Sunday, January 07, 2007

The reflector is on the telescope!

A few days ago we reached a huge milestone for the South Pole Telescope. 43 days after we arrived, the reflector has been installed on the telescope. My internet connection is about to die, so I've got to leave it at that, but I promise more later!

More later: so this was a really big deal for us. To begin with, Steve, Tom, Jeff, Joaquin and I had spent the better part of the past 7 months working on the reflector in some form or fashion, including a multi-month test build in +100F East Texas Summer. More recently were the 2000 man-hours of work involved in assembling the reflector here at the Pole. Of course none of this would matter if we didn't have a telescope to put the reflector on, so let us not forget our rock-solid iron crew, led by Erik "Grande" "Baby" Nichols. Not only do these men and women work wonders with 5 ton pieces of steel in -60F weather, but also consistently risk social humiliation by hanging out with us beakers (south pole for "scientists"). They are a very fun group of people and are, 4000 man-hours later, responsible for building the bulk of the South Pole Telescope.

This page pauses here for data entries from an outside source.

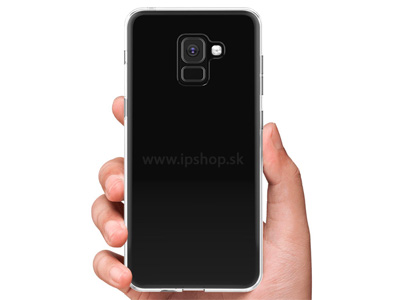 Ochrann kryt (obal) TPU Ultra Slim Clear (ry) na Samsung Galaxy A8 (2018)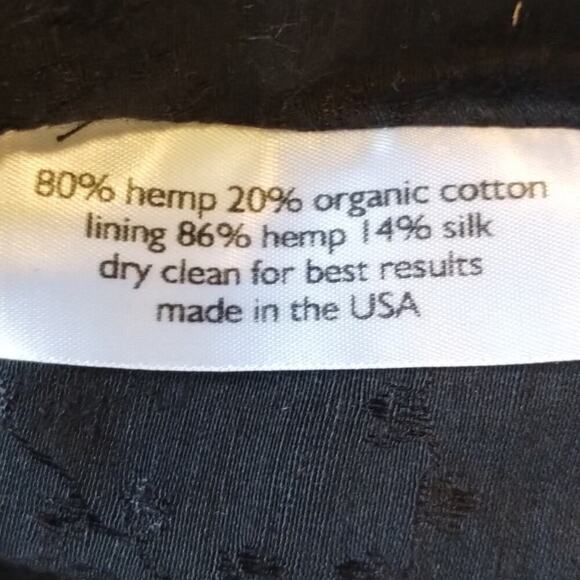 goddess gear NEW Organic Cotton Tweed Buttoned Lined Pocketed Pea Swing Coat L - Picture 10 of 16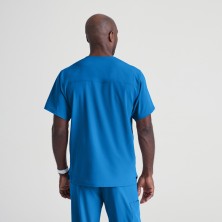 casaca skechers structure sk0112 en azul royal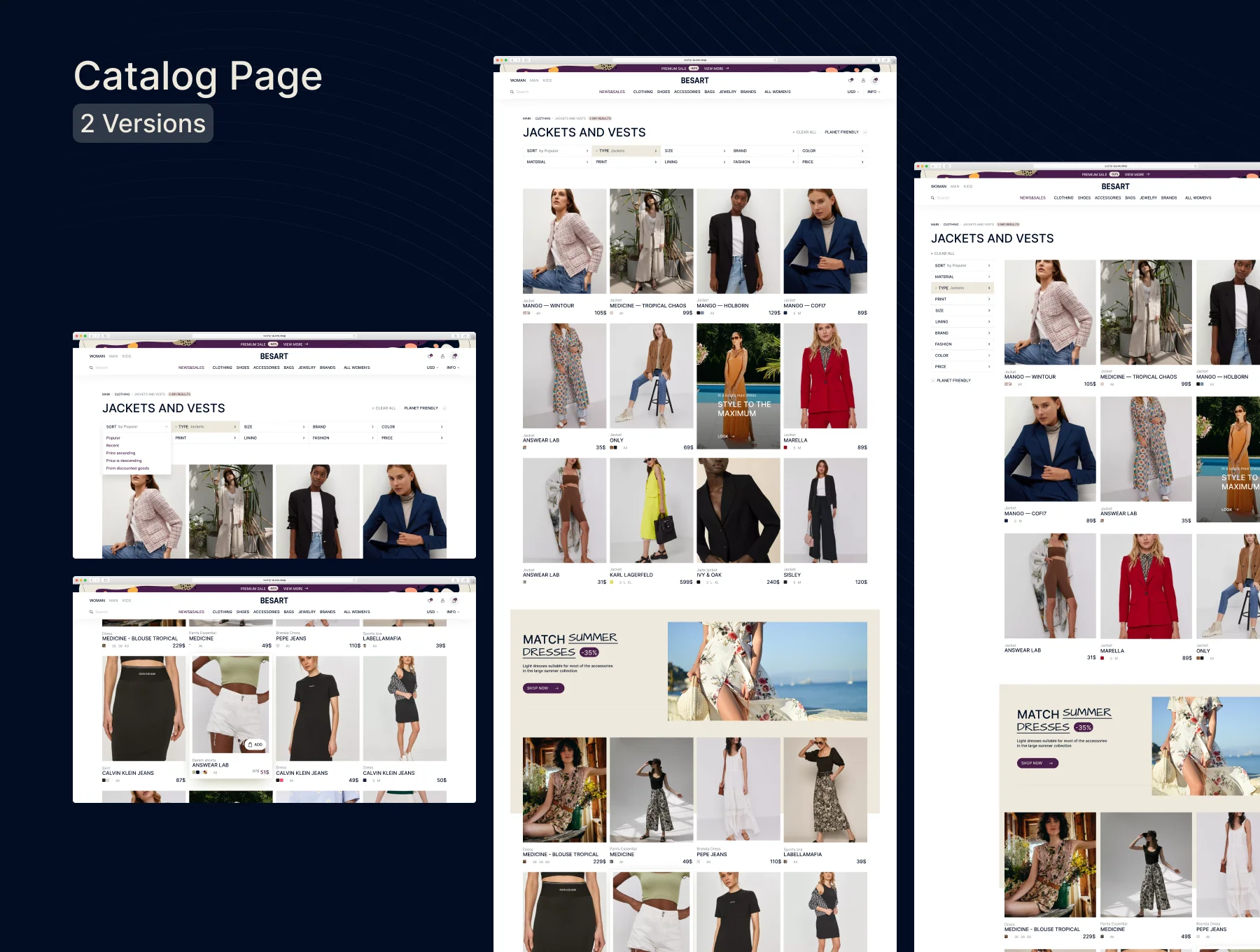 E-Commerce Web UI Kit (38 pages) 3
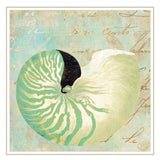 Set Of Four Ocean 2 White Framed Print Wall Art - Homeroots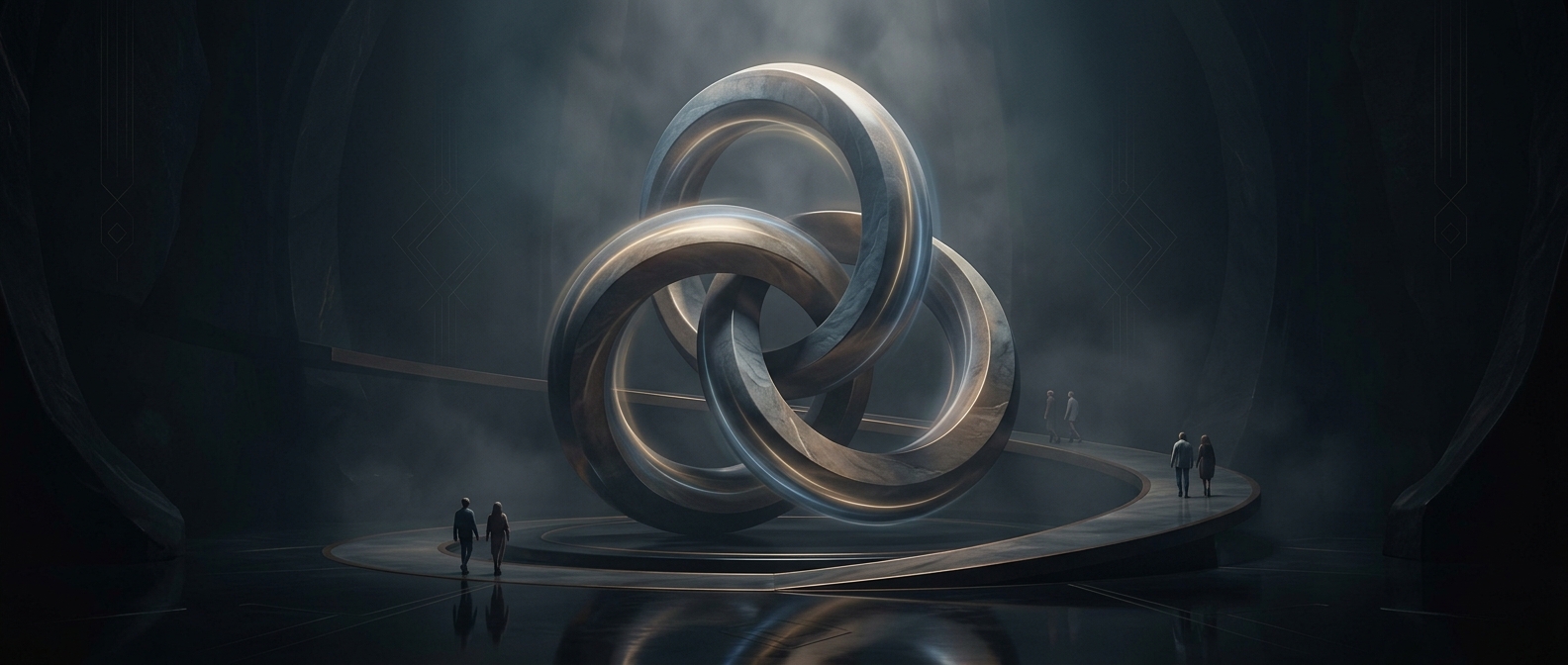 Three embodies complete structural cycles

Due to the impressive logistical and managerial skills of the higher-ups (such as Steve Padin), the telescope and reflector were finished within days of each other. What followed was a multi-step, multi-day lift of the reflector onto the telescope. Here are some photos of the lift.

The reflector is lifted from the adapter cone (which, for those of you who know a little about materials with extremely low coefficients of thermal expansion, is supposedly one of the largest pieces of invar in the world).

The adapter cone is lifted onto the telescope.

The big day arrives. About 40 people -- SPT people, iron workers, station managers, photographers, film makers -- were present at the lift. The two crane lift was captured nicely in this photo by Jerry Marty. That's Jeff, Tom and me on the left, doing what we do best.

And we're done! Iron worker Brian Hardin rightfully celebrates the flawlessly executed lift.